Journal: Acta Neuropathologica Communications

Publisher: Springer Science and Business Media LLC

Authors: Friedrich Erhart, Johanna Buchroithner, René Reitermaier, Katrin Fischhuber, Simone Klingenbrunner, Ido Sloma, Dror Hibsh, Renana Kozol, Sol Efroni, Gerda Ricken, Adelheid Wöhrer, Christine Haberler, Johannes Hainfellner, Günther Krumpl, Thomas Felzmann, Alexander M. Dohnal, Christine Marosi, Carmen Visus

Published: 2018-12-01

Everything You Need To Know

What is Audencel and how does it work against glioblastoma?

Audencel is a dendritic cell vaccine designed to stimulate the immune system to target and destroy glioblastoma cells. It aims to enhance the body's natural defenses to fight this aggressive brain cancer. The goal is to trigger a strong immune response that specifically targets the tumor cells, leading to their destruction and ultimately improving patient outcomes, although trials have not shown significant clinical efficacy in all patients.

Why is pre-existing immunity important in glioblastoma treatment with Audencel?
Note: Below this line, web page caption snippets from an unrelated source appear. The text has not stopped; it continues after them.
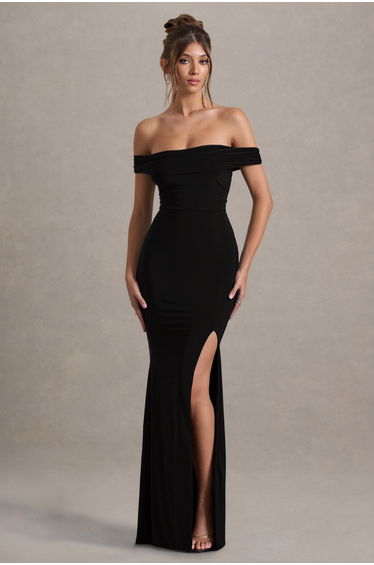 Black Bardot Draped Split Maxi Dress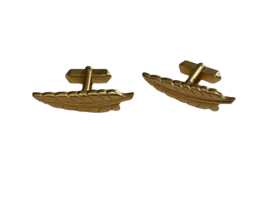 Swank Vintage Cufflinks Texture and Polished Goldtone Leaves 1.2” - £5.44 GBP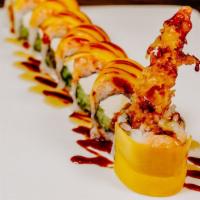 Mango Tango Roll (8 Pcs) · (Shrimp tempura, cucumber, cream cheese inside topped with lobster salad, mango, with eel an...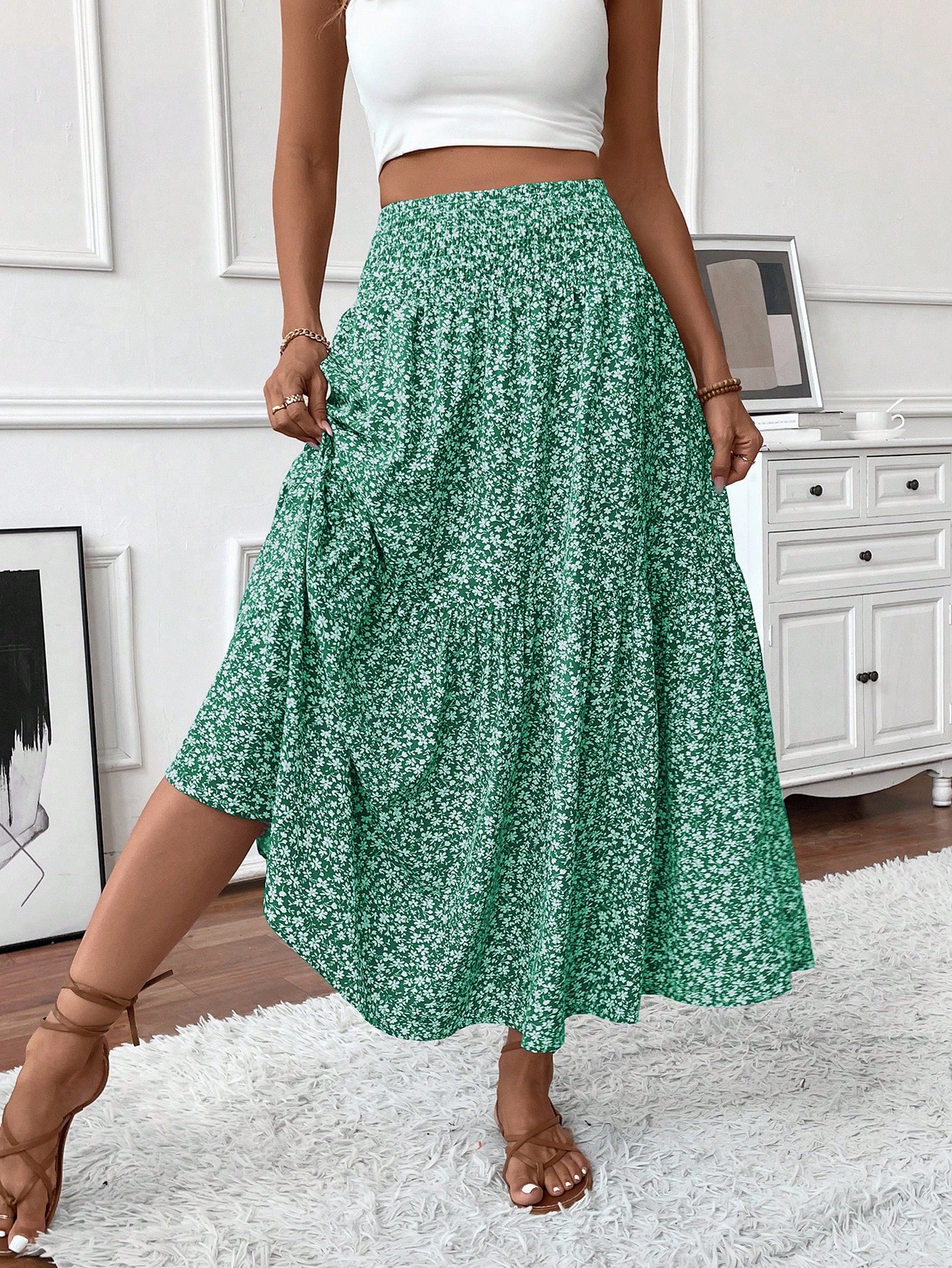 Women’S Long Ditsy Floral Skirt, Casual Elastic Waist With Pockets, Ruffle Hem,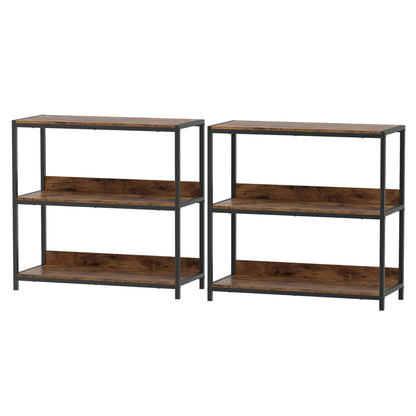 2-Pack 3-Tier Industrial Bookshelf, Rustic Brown Cabinets & Chests at Gallery Canada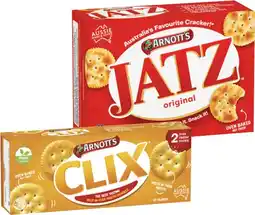 IGA Arnott’s Jatz 225g or Clix 250g Selected Varieties offer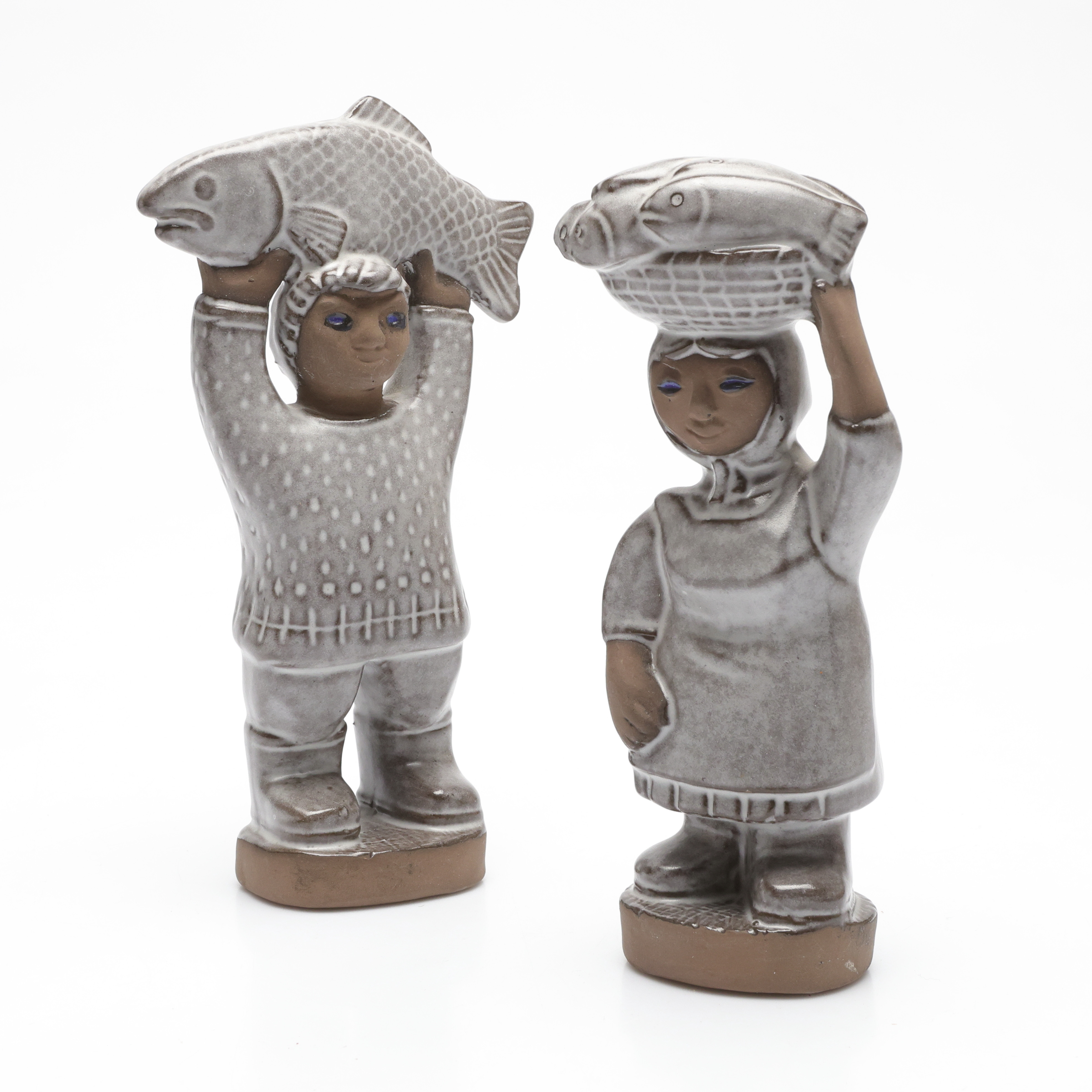 DOROTHY CLOUGH. Figuriner, 2 st, lergods, Upsala Ekeby.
Pre-existing immunity, particularly high counts of CD8+ T cells and a strong Granzyme B response before treatment with Audencel, is associated with longer survival in glioblastoma patients. CD8+ T cells are immune cells that directly kill infected or cancerous cells. Granzyme B is an enzyme released by immune cells to induce programmed cell death in target cells. The presence of these factors suggests the immune system is already primed to fight the tumor.

How does Audencel impact the immune system, even if it doesn't always improve survival?

While Audencel treatment didn't improve overall survival in the trial, it did upregulate Th1-related immunovariables, including interferon-gamma (IFN-γ) and the transcription factor T-bet. Interferon-gamma is a critical cytokine for anti-tumor immunity, and T-bet is essential for Th1 cell development. This indicates the vaccine can stimulate the immune system in a way that could potentially be beneficial in combination with other therapies or in patients with specific pre-existing immune profiles.

Can CD8+ T cell counts and Granzyme B levels be used as biomarkers for glioblastoma treatment?

The levels of CD8+ T cells and Granzyme B could potentially be used as biomarkers to identify glioblastoma patients who are more likely to benefit from Audencel treatment. Patients with high pre-treatment counts of CD8+ T cells and a strong Granzyme B response demonstrated longer survival. Identifying such biomarkers are important for personalized treatment strategies, allowing clinicians to select the most appropriate therapies for individual patients based on their immune profile.

What is the role of Granzyme B in the immune response against glioblastoma?

Granzyme B is a crucial enzyme released by immune cells that triggers apoptosis (programmed cell death) in target cells, including cancer cells. A strong Granzyme B response indicates the immune system's readiness and ability to eliminate tumor cells upon recognition. Measuring Granzyme B levels can help assess the cytotoxic activity of the immune system and predict treatment response to immunotherapies like Audencel.